In der Sammlung des Mémoire, der bekanntesten Winzervereinigung des Landes, befinden sich rund sechzig noble Weine, die das Potenzial besitzen, mindestens 10 Jahre alt zu werden. Dazu gehört auch der Pinot noir Sélection Stadtberg des Zürcher Weinguts Pircher aus Eglisau. An der Masterclass wurde der 2001er geöffnet. Er besitzt in der Farbe leicht bräunliche Töne, präsentiert sich indessen immer noch frisch, mit einer gewissen Frucht, ist komplex, saftig, elegant und sollte jetzt getrunken werden. Das gilt auch für den Montagna Magica 2002 des Tessiner Weinguts Hubervini. Der gut strukturierte Merlot hat sich indessen ebenfalls hervorragend gehalten.

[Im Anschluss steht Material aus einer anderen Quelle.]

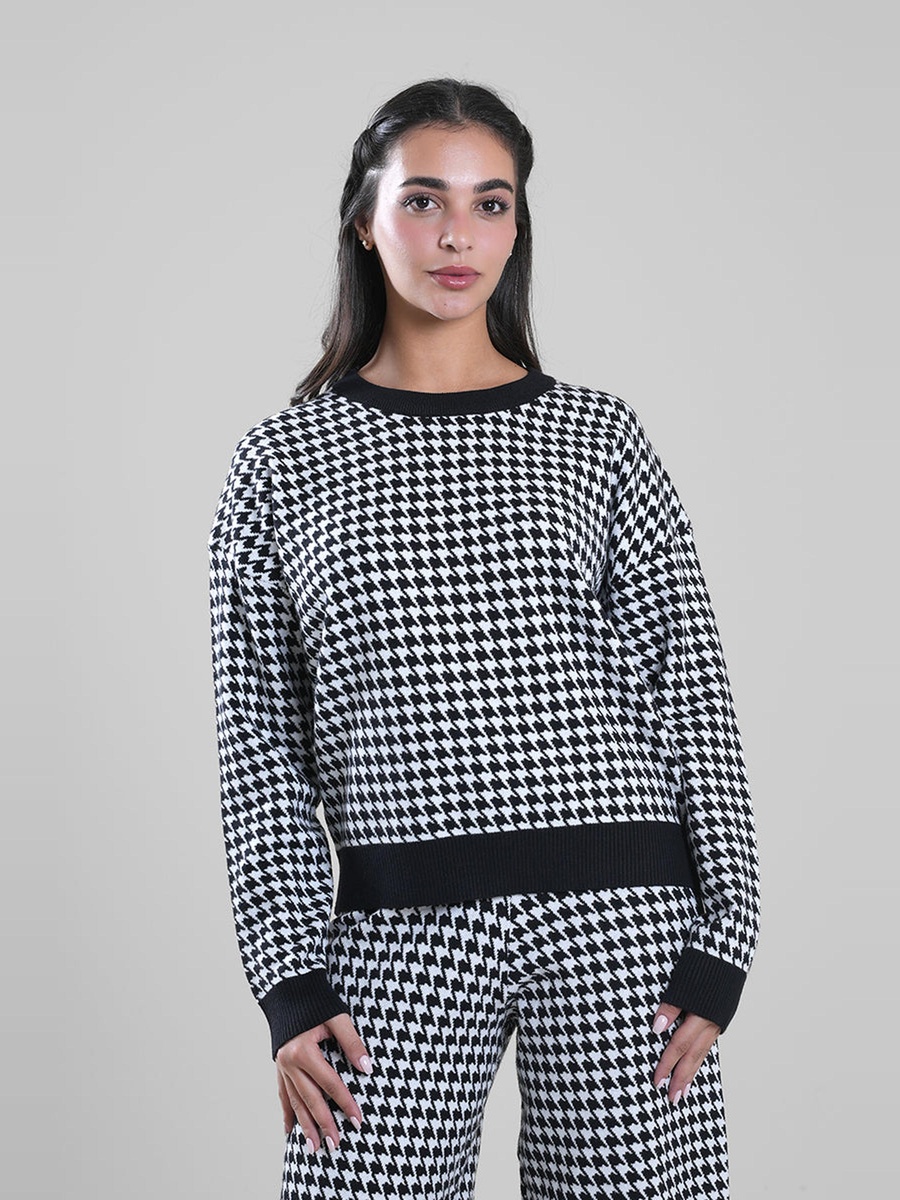 Women Houndstooth Knitted Long Sleeves Sweater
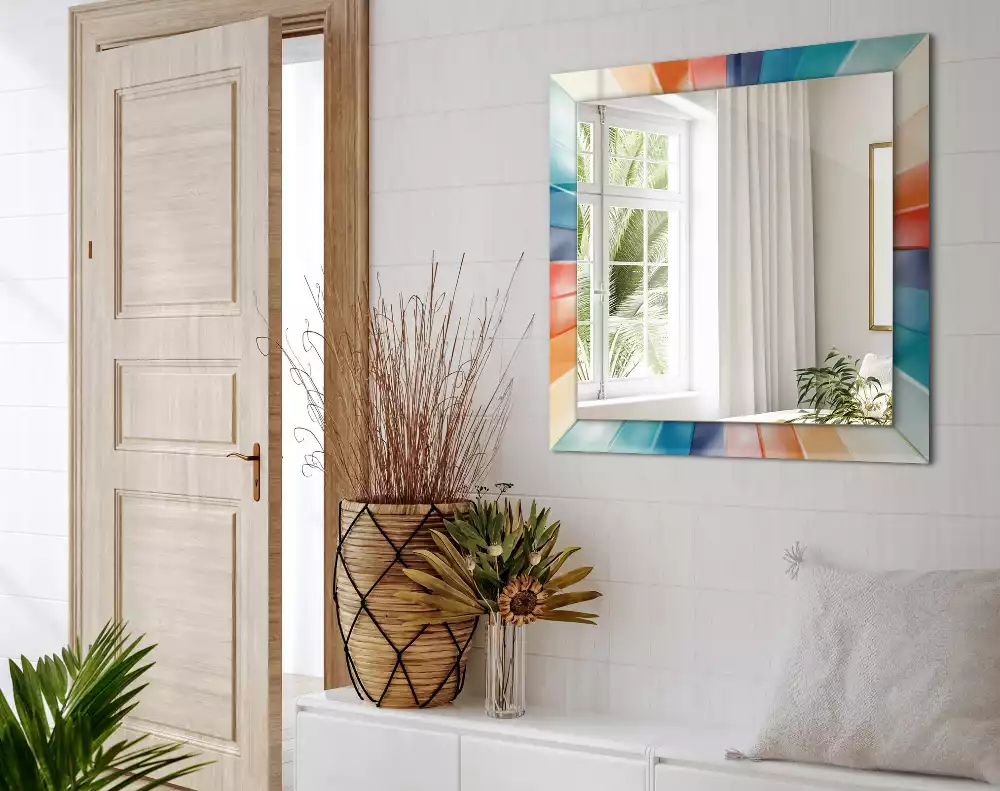 Espejo rectangular estampado rayos de luz de colores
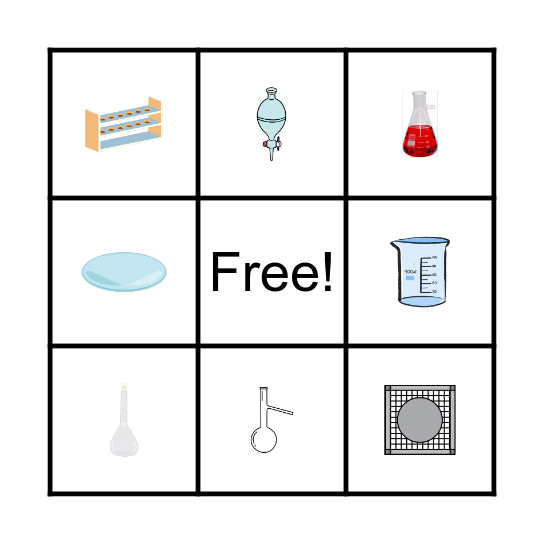 El Bingo de los materiales de laboratorio Bingo Card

Alle drei Weingüter gehören zur Elite des Landes und werden am nächsten Montag, dem 26. August, im Zürcher Kongresshaus ihre Weinwerke vorstellen. Insgesamt sind diesmal am grossen, traditionellen Swiss Wine Tasting 148 Produzenten des Landes dabei – eine einmalige Werkschau des einheimischen Weinschaffens (Infos unter swiss-wine-tasting.ch).